Medical conditions: Some health problems can affect your weight management by affecting your metabolism, hormones, or appetite.
Some examples are:
- Hypothyroidism: A condition where the thyroid gland does not produce enough thyroid hormones, which regulate metabolism.
- Diabetes: A condition where the body does not produce enough insulin or use it properly, which regulates blood sugar levels.
- Celiac disease: A condition where the immune system reacts to gluten, a protein found in wheat, barley, and rye, which damages the lining of the small intestine and impairs nutrient absorption.
- Cancer: A group of diseases where abnormal cells grow uncontrollably and spread throughout the body, which consumes a lot of energy and nutrients.
Medications: Some drugs can affect your weight management by affecting your metabolism, hormones, or appetite.
Some examples are:
- Metformin: A drug that treats type 2 diabetes by lowering blood sugar levels and increasing insulin sensitivity.
- Antidepressants: Drugs that treat depression by altering brain chemicals that regulate mood, such as serotonin,
- norepinephrine, and dopamine.
- Chemotherapy: Drugs that treat cancer by killing rapidly dividing cells in the body, which may also affect healthy cells.
Weight management is the process of maintaining a healthy weight that suits your age, height, and body type.
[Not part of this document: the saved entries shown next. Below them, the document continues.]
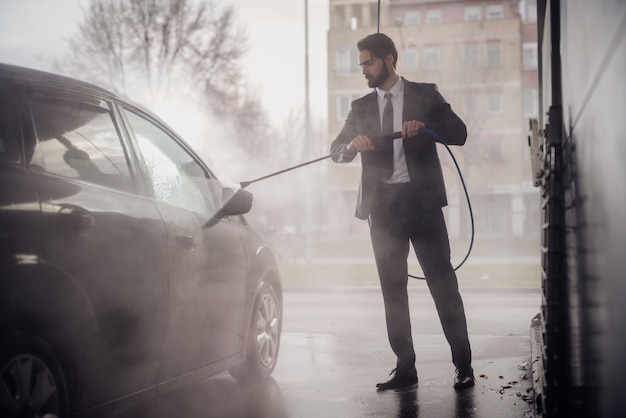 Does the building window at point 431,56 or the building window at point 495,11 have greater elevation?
the building window at point 495,11

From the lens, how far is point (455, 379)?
5281mm

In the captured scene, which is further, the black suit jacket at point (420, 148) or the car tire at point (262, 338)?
the car tire at point (262, 338)

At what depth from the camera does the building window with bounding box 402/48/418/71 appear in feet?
148

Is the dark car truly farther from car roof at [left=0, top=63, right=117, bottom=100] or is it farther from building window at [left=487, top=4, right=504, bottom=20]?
building window at [left=487, top=4, right=504, bottom=20]

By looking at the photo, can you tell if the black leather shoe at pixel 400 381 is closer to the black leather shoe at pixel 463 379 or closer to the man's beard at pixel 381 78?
the black leather shoe at pixel 463 379

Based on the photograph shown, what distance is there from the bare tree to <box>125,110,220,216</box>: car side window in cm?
1789

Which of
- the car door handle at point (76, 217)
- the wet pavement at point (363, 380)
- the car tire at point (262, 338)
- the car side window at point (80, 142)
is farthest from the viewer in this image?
the car tire at point (262, 338)

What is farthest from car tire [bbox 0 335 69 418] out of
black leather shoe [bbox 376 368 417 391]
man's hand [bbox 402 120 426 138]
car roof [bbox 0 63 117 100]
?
man's hand [bbox 402 120 426 138]

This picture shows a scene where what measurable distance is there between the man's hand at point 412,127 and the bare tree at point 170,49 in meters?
18.1

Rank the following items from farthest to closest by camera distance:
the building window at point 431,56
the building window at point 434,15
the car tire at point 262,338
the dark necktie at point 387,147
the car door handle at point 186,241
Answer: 1. the building window at point 434,15
2. the building window at point 431,56
3. the car tire at point 262,338
4. the dark necktie at point 387,147
5. the car door handle at point 186,241

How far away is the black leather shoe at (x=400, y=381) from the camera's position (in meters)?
5.25

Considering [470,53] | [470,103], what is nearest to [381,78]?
[470,103]

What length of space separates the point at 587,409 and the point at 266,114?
83.8 ft

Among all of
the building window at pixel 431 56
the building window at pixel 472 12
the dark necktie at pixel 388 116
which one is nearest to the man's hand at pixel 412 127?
the dark necktie at pixel 388 116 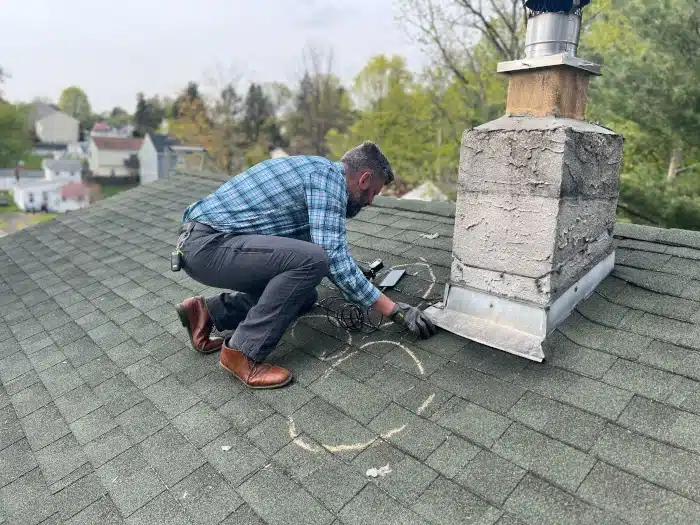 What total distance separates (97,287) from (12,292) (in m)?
1.10

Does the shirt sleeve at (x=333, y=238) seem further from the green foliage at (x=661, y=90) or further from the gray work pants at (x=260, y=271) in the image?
the green foliage at (x=661, y=90)

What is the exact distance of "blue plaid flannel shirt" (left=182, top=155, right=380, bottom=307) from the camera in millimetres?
2133

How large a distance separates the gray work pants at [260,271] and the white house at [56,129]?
72.8 metres

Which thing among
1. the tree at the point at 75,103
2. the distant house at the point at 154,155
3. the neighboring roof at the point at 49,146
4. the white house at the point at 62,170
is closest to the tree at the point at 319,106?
the distant house at the point at 154,155

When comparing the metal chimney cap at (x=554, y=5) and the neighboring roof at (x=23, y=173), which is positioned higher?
the metal chimney cap at (x=554, y=5)

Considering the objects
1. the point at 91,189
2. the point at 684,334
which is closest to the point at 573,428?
the point at 684,334

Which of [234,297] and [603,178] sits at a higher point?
[603,178]

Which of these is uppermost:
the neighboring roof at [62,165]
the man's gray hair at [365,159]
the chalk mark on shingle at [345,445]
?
the man's gray hair at [365,159]

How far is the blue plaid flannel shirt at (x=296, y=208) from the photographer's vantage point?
213 cm

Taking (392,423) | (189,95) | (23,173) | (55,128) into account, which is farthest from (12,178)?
(392,423)

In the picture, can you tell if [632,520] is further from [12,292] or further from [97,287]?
[12,292]

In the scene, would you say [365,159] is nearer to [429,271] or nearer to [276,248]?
[276,248]

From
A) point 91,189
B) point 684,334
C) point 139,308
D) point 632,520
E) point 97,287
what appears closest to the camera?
point 632,520

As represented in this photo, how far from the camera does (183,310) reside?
2486 millimetres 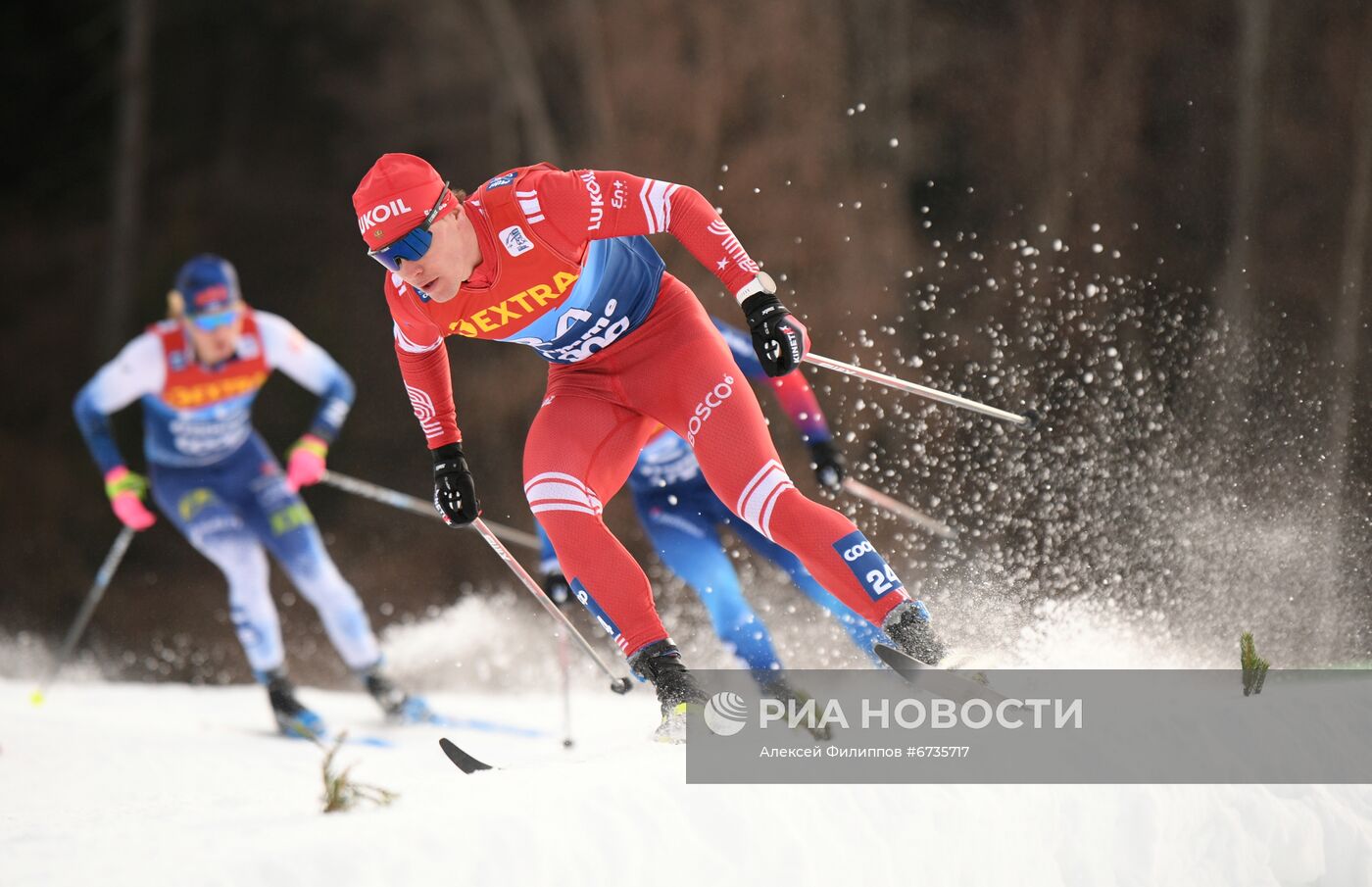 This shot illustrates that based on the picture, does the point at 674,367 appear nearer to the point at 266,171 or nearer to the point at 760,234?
the point at 760,234

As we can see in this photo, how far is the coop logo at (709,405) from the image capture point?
269cm

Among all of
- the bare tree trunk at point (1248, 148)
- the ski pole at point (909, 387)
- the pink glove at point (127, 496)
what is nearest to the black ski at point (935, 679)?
the ski pole at point (909, 387)

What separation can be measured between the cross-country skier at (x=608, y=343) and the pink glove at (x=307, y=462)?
2.22 m

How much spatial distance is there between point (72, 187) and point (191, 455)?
4858 millimetres

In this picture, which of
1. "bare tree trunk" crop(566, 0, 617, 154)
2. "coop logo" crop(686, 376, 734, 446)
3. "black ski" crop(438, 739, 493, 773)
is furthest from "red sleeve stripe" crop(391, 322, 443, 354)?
"bare tree trunk" crop(566, 0, 617, 154)

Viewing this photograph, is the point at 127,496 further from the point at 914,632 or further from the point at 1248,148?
the point at 1248,148

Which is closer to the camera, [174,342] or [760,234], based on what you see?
[174,342]

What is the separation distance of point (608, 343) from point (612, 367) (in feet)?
0.18

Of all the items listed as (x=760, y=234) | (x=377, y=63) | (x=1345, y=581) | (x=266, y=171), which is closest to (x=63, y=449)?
(x=266, y=171)

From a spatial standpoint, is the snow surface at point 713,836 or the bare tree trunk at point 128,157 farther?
the bare tree trunk at point 128,157

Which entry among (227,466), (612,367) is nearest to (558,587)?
(612,367)

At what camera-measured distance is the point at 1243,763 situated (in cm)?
263

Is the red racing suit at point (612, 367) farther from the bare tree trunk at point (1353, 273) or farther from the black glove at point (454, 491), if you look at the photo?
the bare tree trunk at point (1353, 273)

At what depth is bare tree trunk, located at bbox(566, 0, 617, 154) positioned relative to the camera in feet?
25.8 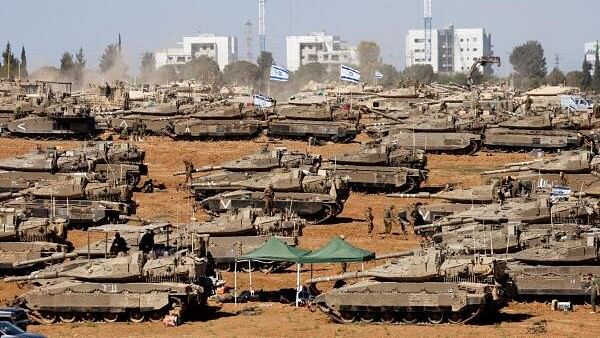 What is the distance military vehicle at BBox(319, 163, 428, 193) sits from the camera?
189 ft

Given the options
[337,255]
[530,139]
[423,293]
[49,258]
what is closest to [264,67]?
[530,139]

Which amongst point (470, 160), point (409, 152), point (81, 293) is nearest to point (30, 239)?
point (81, 293)

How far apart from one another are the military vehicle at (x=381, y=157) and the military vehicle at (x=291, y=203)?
6.92 meters

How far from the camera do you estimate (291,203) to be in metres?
50.6

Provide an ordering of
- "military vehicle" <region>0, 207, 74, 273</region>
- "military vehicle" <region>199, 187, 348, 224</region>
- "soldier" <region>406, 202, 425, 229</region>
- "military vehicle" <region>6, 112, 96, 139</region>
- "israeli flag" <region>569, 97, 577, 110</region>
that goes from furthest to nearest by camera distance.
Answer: "israeli flag" <region>569, 97, 577, 110</region> < "military vehicle" <region>6, 112, 96, 139</region> < "military vehicle" <region>199, 187, 348, 224</region> < "soldier" <region>406, 202, 425, 229</region> < "military vehicle" <region>0, 207, 74, 273</region>

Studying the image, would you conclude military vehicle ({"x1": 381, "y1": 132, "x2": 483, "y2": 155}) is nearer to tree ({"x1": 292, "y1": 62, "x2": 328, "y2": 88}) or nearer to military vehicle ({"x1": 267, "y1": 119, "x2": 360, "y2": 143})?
military vehicle ({"x1": 267, "y1": 119, "x2": 360, "y2": 143})

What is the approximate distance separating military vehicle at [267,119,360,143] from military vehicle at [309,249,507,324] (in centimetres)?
4215

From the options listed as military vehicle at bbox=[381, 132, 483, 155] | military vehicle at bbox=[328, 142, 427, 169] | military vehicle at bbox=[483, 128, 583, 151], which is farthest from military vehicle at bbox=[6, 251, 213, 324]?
military vehicle at bbox=[483, 128, 583, 151]

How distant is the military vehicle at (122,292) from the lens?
33438mm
It involves balancing the calories you consume from food and beverages with the calories you burn through physical activity and metabolism. Weight management is important for your health and well-being. It can help you prevent or reduce the risk of various chronic diseases and conditions, such as diabetes, heart disease, stroke, fatty liver disease, kidney disease, and some cancers.
Weight management can also improve your quality of life by enhancing your physical fitness, mobility, joint health, sleep quality, mood, self-esteem, and eating behaviors. There are many factors that can affect your weight management, including genetics, life cycle, lifestyle factors, environmental factors, medical conditions, or medications. Weight management requires a long-term commitment to healthy behaviors and lifestyle changes.
You should consult with your healthcare provider before starting any weight management program to determine your individual needs and goals.